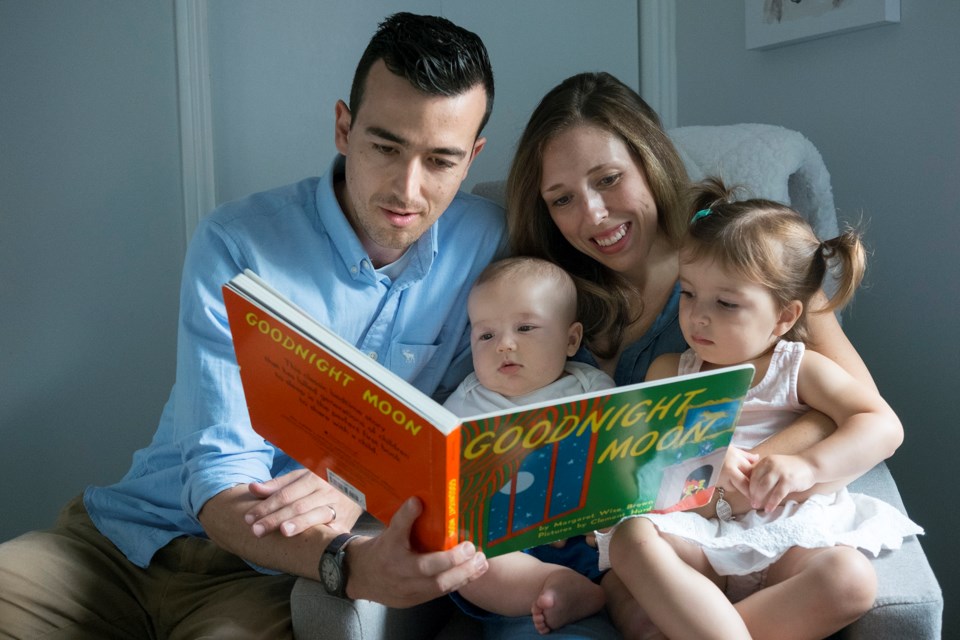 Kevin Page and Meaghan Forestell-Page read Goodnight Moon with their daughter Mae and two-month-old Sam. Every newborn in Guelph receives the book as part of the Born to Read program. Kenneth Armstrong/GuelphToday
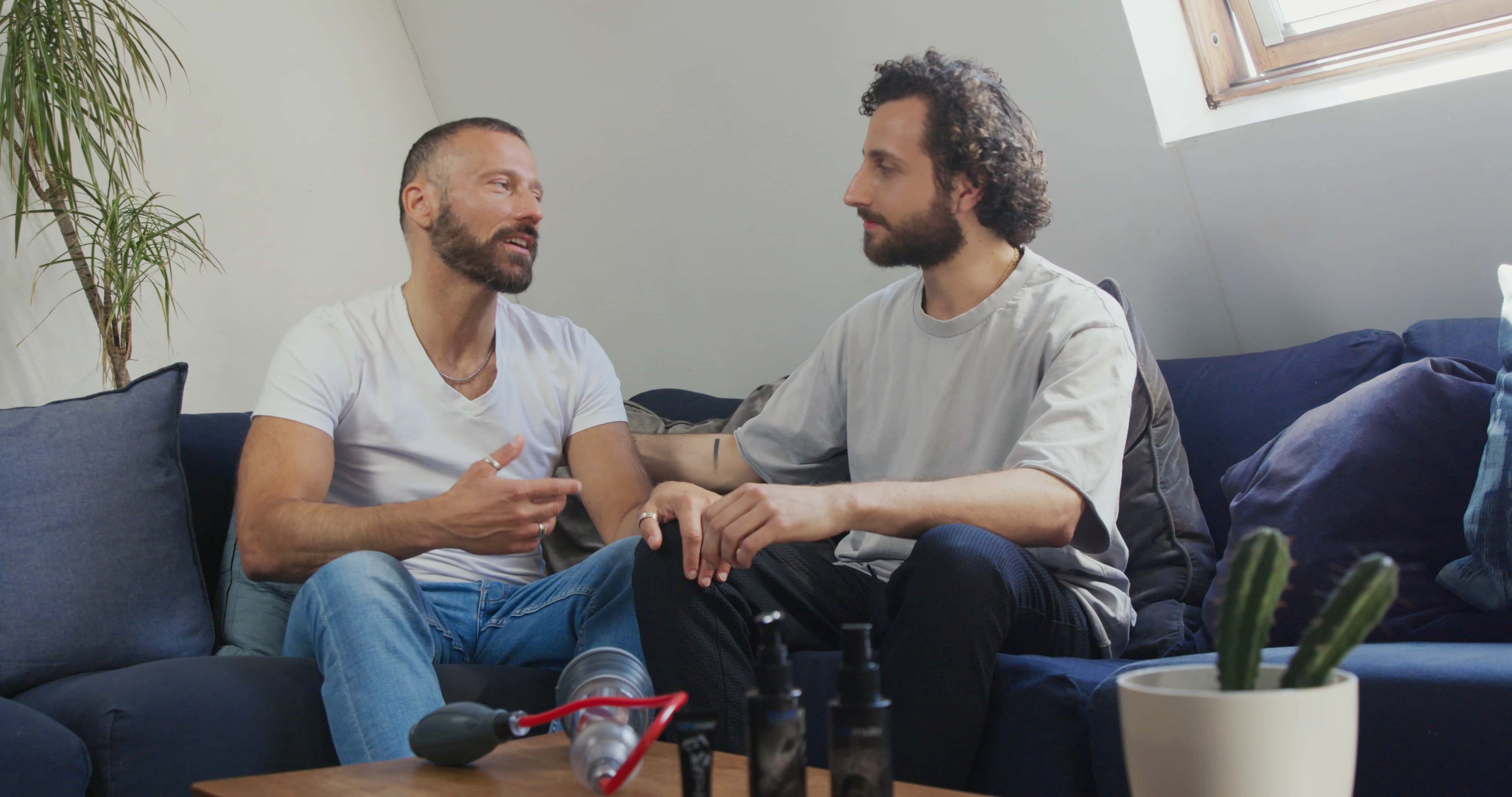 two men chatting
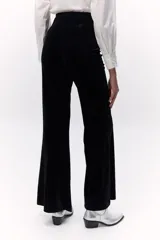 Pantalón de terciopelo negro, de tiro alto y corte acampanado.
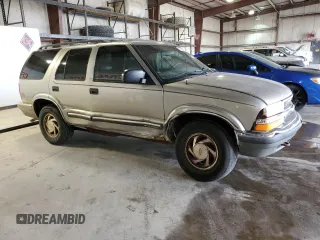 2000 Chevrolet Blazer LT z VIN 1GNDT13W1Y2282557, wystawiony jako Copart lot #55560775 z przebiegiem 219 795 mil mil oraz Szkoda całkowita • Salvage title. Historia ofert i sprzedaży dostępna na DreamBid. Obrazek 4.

•••••

• _What the task requires_:
Copy the listing exactly. Any image in it stays out of the copy.

• _Output_:
 Kevin Page and Meaghan Forestell-Page read Goodnight Moon with their daughter Mae and two-month-old Sam. Every newborn in Guelph receives the book as part of the Born to Read program. Kenneth Armstrong/GuelphToday
 two men chatting
 Pantalón de terciopelo negro, de tiro alto y corte acampanado.
 2000 Chevrolet Blazer LT z VIN 1GNDT13W1Y2282557, wystawiony jako Copart lot #55560775 z przebiegiem 219 795 mil mil oraz Szkoda całkowita • Salvage title. Historia ofert i sprzedaży dostępna na DreamBid. Obrazek 4.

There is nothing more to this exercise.